Airlines report most passengers who need an electronic travel authority (ETA) to board a flight to New Zealand have purchased one before getting to their departure airport.
Justin Tighe-Umbers, executive director of the Board of Airline Representatives New Zealand (BARNZ), says since the travel authority was introduced from October 1, more than 85% of travellers who needed an ETA had one.
“The introduction of the ETA has not caused major issues for BARNZ members,” Mr Tighe-Umbers says. “BARNZ called for flexibility in those cases where a passenger is late arriving at the airport and might not understand they need one. Immigration NZ (INZ) has taken a pragmatic approach and phased implementation of the ETA. INZ has also had people at airports around the world to help travellers who need to buy one.”

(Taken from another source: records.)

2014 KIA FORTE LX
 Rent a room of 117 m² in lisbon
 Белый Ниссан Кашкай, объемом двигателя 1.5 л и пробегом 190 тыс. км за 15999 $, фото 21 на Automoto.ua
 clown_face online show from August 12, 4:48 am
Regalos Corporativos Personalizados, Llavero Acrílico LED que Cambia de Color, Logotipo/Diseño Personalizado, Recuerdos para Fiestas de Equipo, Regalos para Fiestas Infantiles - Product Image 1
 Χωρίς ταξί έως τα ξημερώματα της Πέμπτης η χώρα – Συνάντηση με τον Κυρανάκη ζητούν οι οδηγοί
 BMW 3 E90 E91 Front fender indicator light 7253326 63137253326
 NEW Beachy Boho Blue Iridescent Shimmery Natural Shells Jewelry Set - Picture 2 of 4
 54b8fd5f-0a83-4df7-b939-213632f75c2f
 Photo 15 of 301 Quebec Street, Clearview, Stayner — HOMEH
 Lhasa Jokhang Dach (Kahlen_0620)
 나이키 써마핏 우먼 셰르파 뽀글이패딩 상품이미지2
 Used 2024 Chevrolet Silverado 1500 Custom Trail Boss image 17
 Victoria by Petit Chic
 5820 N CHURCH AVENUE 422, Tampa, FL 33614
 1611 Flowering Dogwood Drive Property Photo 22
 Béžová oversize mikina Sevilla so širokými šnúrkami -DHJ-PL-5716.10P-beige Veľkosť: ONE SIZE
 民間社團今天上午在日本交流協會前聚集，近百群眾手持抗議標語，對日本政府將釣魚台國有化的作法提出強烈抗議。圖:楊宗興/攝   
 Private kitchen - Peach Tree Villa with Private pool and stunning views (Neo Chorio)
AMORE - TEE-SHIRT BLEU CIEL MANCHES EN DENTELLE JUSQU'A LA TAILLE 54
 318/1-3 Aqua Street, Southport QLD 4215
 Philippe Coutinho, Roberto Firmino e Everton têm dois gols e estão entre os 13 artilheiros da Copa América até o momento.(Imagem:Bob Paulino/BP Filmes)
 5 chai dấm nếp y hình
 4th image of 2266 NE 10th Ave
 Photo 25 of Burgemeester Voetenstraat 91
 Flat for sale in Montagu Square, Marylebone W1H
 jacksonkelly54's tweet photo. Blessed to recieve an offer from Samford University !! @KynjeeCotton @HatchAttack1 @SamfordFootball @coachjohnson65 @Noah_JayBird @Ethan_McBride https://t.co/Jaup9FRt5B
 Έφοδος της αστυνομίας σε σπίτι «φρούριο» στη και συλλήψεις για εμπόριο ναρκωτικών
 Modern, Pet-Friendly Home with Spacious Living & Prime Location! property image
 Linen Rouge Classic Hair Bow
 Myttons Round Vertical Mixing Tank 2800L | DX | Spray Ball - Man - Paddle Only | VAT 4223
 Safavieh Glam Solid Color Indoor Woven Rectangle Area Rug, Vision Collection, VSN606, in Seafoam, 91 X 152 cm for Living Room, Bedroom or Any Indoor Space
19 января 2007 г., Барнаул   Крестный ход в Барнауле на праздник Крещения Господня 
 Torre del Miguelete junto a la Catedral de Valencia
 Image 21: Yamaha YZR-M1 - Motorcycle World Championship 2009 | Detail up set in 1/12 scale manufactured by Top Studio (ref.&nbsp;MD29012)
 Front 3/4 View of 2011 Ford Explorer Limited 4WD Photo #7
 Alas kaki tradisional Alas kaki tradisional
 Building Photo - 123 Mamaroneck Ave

Mr Tighe-Umbers says BARNZ’s 26 member airlines follow boarding instructions given by INZ’s Advanced Passenger Processing (APP) system and related call centre. The APP system gives instruction on whether passengers heading to New Zealand should board their flights.
“The ETA requirement affects around 1.5 million passengers a year,” he says. “It is critical that it’s implemented smoothly and in a way that avoids harming New Zealand’s reputation as a premiere tourist destination. We continue to work closely with INZ to help ensure that happens.”